(Given information Opens)
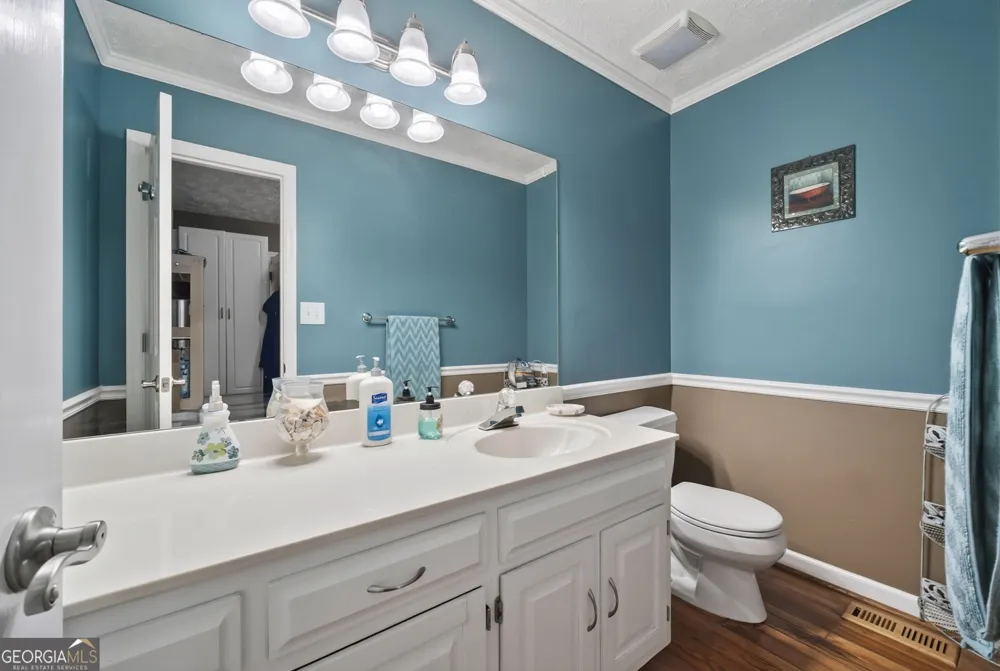 186 Kingston RD Colbert, GA 30628
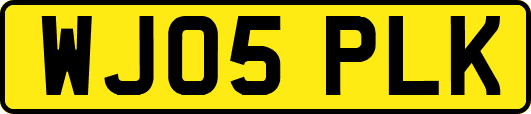 WJ05PLK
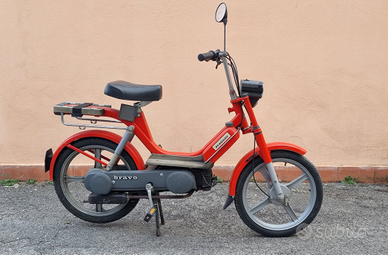 Piaggio Bravo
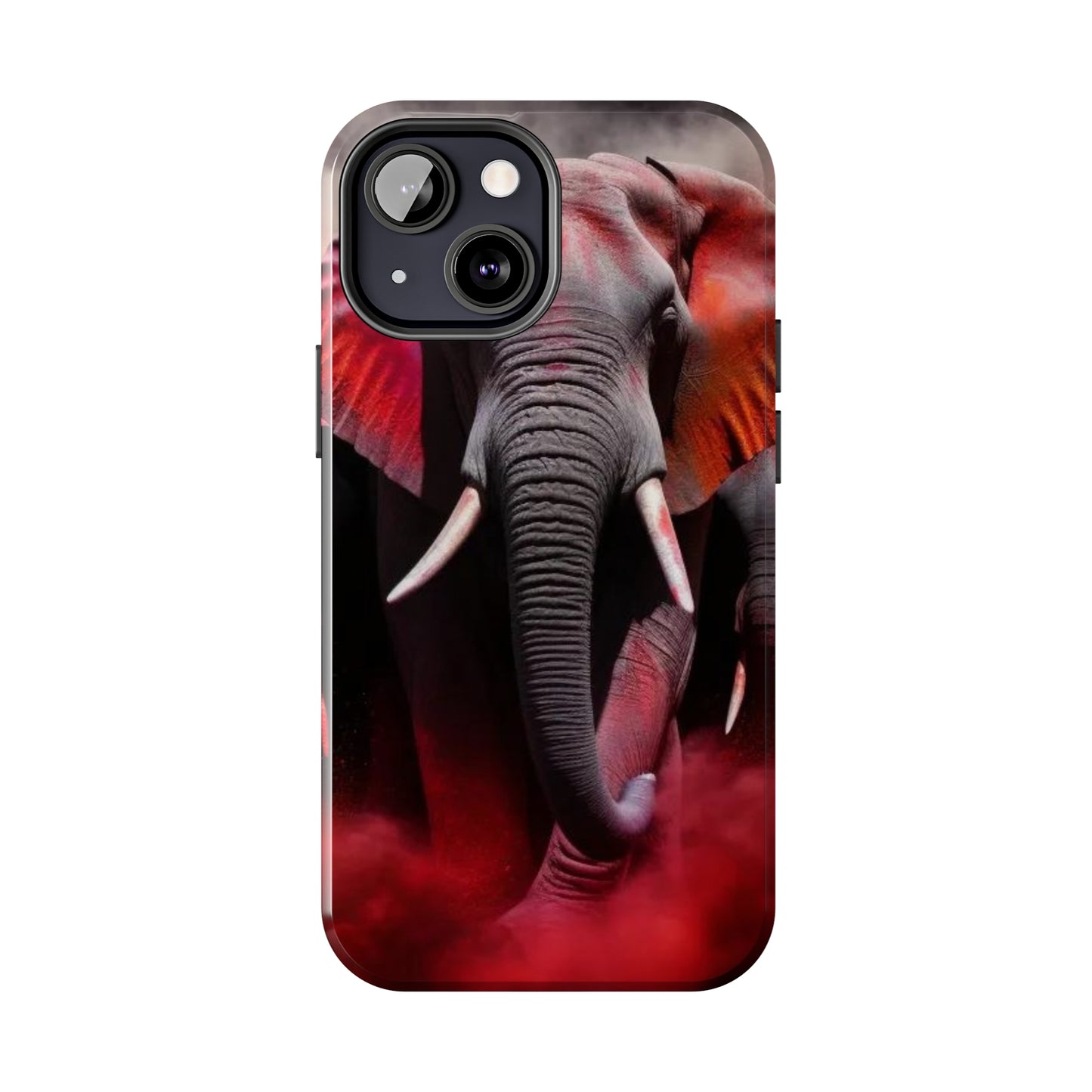 Gentle Giants Tough Case For iPhone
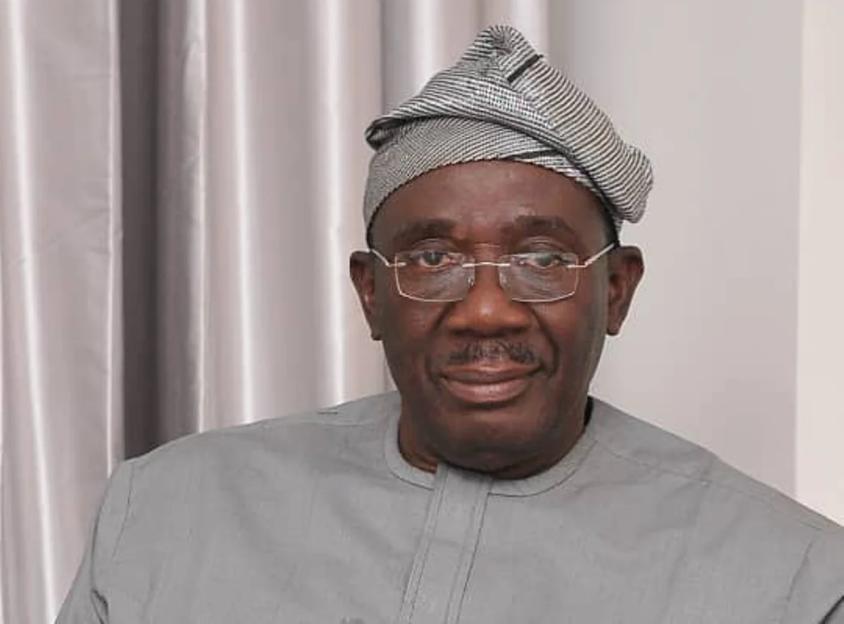 Osun Election: APC Stands by Sen Fadahunsi as Accord Considers Legal Challenge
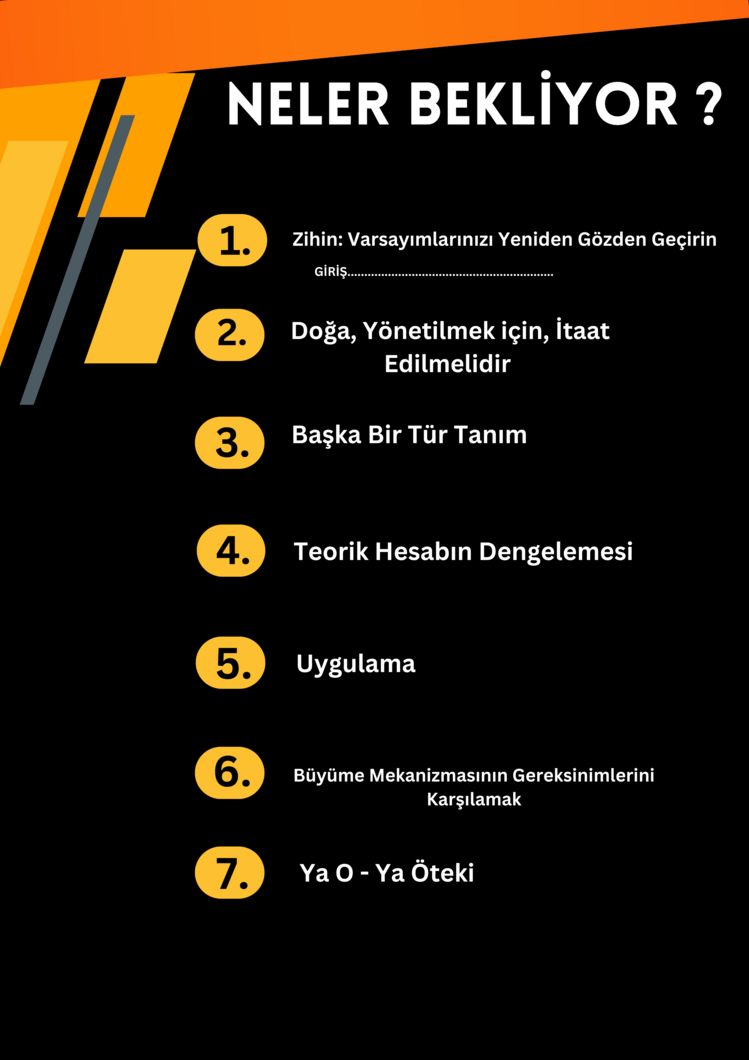 Heavy Duty 2.0 Kas ve Zihin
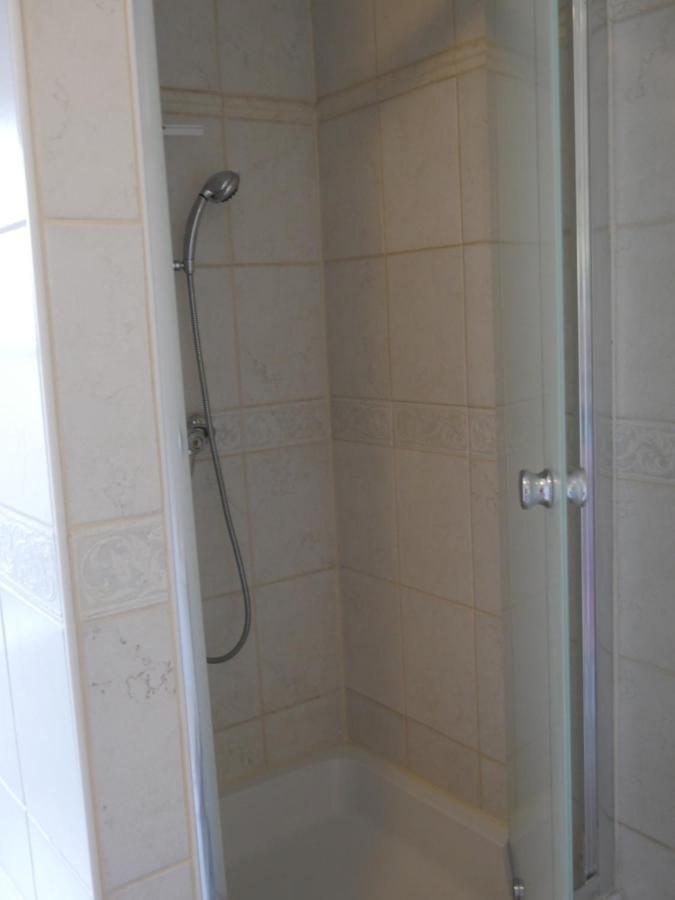 Maisonette-wohnung In Mit Kamin Nuremberg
(Given information Closes)
* Work order
Return word for word the line bearing "Osun Election: APC" and every later line of the entries, but none of the pictures.

* Result for this exercise
 Osun Election: APC Stands by Sen Fadahunsi as Accord Considers Legal Challenge
 Heavy Duty 2.0 Kas ve Zihin
 Maisonette-wohnung In Mit Kamin Nuremberg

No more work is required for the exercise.